Ben Domensino, Friday June 18, 2021 - 10:34 EST

A weather station at Furnace Creek in California's Death Valley just hit 53ºC, setting a new mark for our planet's highest temperature so far this year.

A record-challenging heatwave has been gripping the Western United States over the past several days under the influence of a broad and slow-moving ridge of high pressure. Earlier this week, Salt Lake City registered its equal highest temperature on record.

The oppressive heat has hit the country in the final days of spring, with the US recognising the June solstice (June 20th / 21st) as the official first day of summer.

As of 3pm local time on Thursday, June 17, Furnace Creek had reached a preliminary maximum temperature of 53.2ºC (127.7ºF). This is the highest temperature recorded anywhere in the world so far this year.

Image: Weather observations from Furnace Creek Visitor Center in Death Valley, California on Thursday, June 17. Source: NOAA / NWS

While Furnace Creek's June record of 53.9ºC (129ºF) is still standing for now, Thursday's 53.2ºC is the highest temperature observed anywhere in the world during the middle third of June.

Furnace Creek is famous as the current maximum temperature world record holder, thanks to an eye-watering 56.7ºC (134ºF) on July 10, 1913. While some weather historians doubt the legitimacy of this observation, it has been assessed and accepted by the World Meteorological Organization.
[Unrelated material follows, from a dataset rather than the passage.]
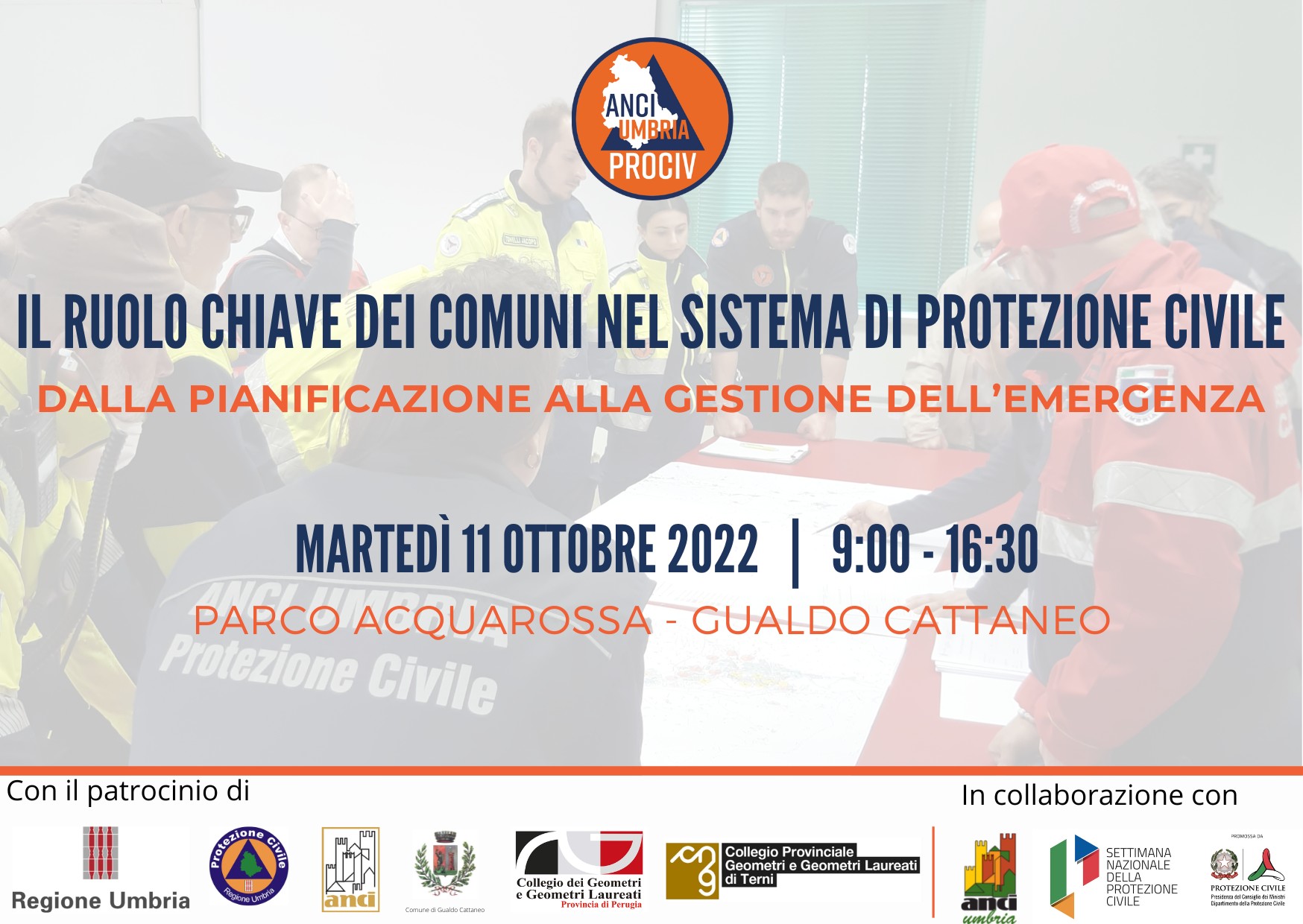 Conferenza stampa – “Il ruolo chiave dei Comuni nel sistema di protezione civile”, in Provincia la presentazione del convegno di Anci Umbria Prociv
Image: Badwater Basin in Death Valley, not too far down the road from Furnace Creek. Source: garyaritchie / Pixabay

Another standout temperature in California on Thursday was 50.6ºC (123ºF) at Palm Springs. This is the city's equal highest temperature in records dating back to 1893. The only other times it got this hot were July 28, 1995, July 29, 1995 and August 1, 1993.

This week's extreme heat is also raising bushfire concerns across drought-weary areas of the Western United States.

Prior to this heatwave, the US National Interagency Fire Centre had predicted above normal wildfire potential across large swathes of the Western United States between June and September. This outlook follows on from a devastating fire season in 2020, which ended up being the largest fire season on record in California's modern history.